Working Group IV

Working Group IV – Sub-National Governance and Development



Chairs



Dr. Cristina Rodriguez-Acosta
Florida International University, United States
lagierc@fiu.edu


Dr. Amitava Basu
Center for Environmental Management & Participatory Development, New Delhi, India
mitaamartya@gmail.com


Project director
Prof. dr. PS Reddy
University of KwaZulu-Natal, South Africa
reddyp1@ukzn.ac.za

The importance of local governments as building blocks and foundations for all governance structures cannot be overemphasized. On a global level, local governments are viewed as governmental spheres, either second or third created to ensure that government is brought closer to the local populace, and furthermore that local communities are involved in the political processes influencing their daily existence. Local democracy signifies a governmental system wherein a local electorate, representative of a distinctive locality are active participants in not only determining who governs them, but also more significantly, in defining the policy output of the local authority.
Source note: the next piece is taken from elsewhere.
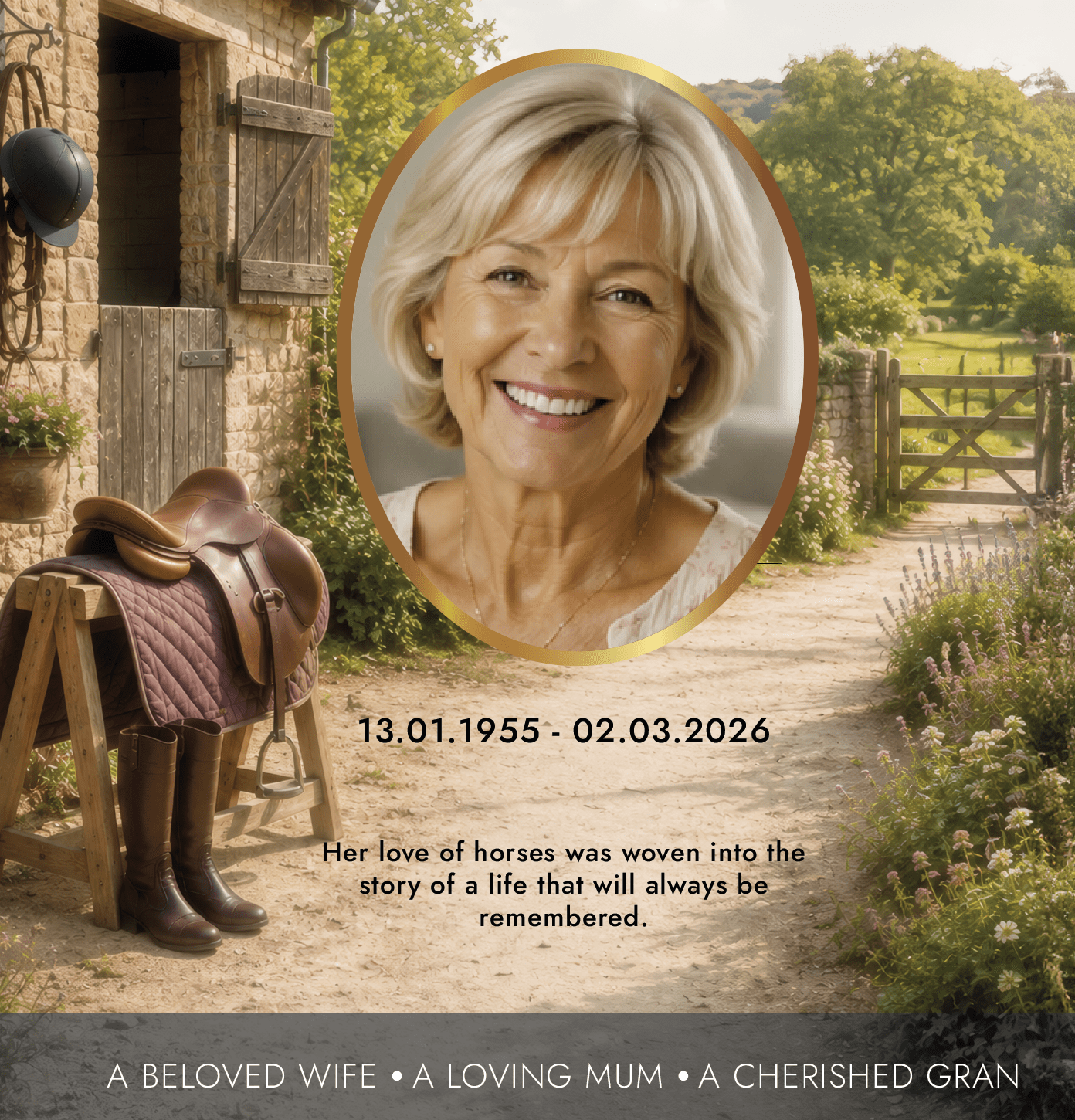 Horse Rider Funeral Memorial Sign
The role and significance of good local governance has been advocated internationally as an important vehicle to achieve stability in governments.

Having due regard to the role played by local governments internationally, IASIA officially established the Working Group on Local Government Management and Development in 1997, following the interest generated in the earlier breakaway sessions of conferences held in 1994, 1995 and 1996. The objective of the Group is to focus on key trends and developments in the local government sphere in both developed and developing countries. However, in 2015, the name and focus of the Working Group was changed to Sub-National Governance and Development incorporating the provincial/state/regional sphere of government. Presently, the Working Group focuses on key trends and developments in provincial and local governance internationally. Research presented on these issues include local case studies, theoretical appraisals or comparative studies highlighting best practices and the notion of good provincial/local governance. The Working Group has published four books to date since inception.

The Working Group has focused on several themes over the years, including:

Decentralization: A key policy for good governance

Strong subnational governments are essential for the implementation of the sustainable development goals, as well as for ensuring good governance. The adoption of the principles of subsidiarity, within a comprehensive legal framework for decentralization is important to build a structural arrangement facilitating the shared exercise of power, and active involvement of the local populace in policymaking impacting on their development.

Strengthening Local Government & Participatory Governance:

Effective governance requires strong subnational levels of government able to provide public services effectively and efficiently, protect the rights of minorities and the most vulnerable, generate economic opportunities, respond effectively to the challenges posed by climate change, combat poverty and inequality, and achieve local economic development, while incorporating all stakeholders including the vulnerable, marginalized and disenfranchised groups in the development process.

Ethics/Integrity and Good Governance:

Unethical conduct/corruption at the local sphere has increased globally and is a phenomenon in both developed/developing countries. A significant number of countries have ushered in legislative/policy frameworks and codes of conduct for enhancing ethical conduct and fighting corruption.

Building Trust in Local Government:

An integral part of good governance necessitates building trust in government among local communities dissatisfied with, or feeling excluded from participation in governmental processes. Local participation should be facilitated in such a way that it tends to build trust in local government thereby reflecting the wellbeing and tenets of all role-players and stakeholders.

Regional/Local Economic Development (RLED):

Economic development is a challenge for many local and regional governments globally, where legal frameworks are weak and/or where institutional capacity is insufficient. Socio-economic challenges has ushered in developmental subnational government. Informality prevails and the difficulties for local and regional governments to implement LED policies and strategies is a challenge. Consequently, there is a need for SMMEs and co – operatives to enhance RLED. It is imperative to take cognizance of the key governance challenges and best practices that can be replicated internationally.

Capacity Development for the Sustainable Development Goals (SDGs):

The SDGs have shaped global and national priorities and developed a broad vision and overarching framework for international development. Consequently, the capacities and capabilities of subnational governments to localize and achieve the SDGs should be accorded a high priority.

In addition, on an annual basis, the Working Group has also focused on the general conference theme in a local context.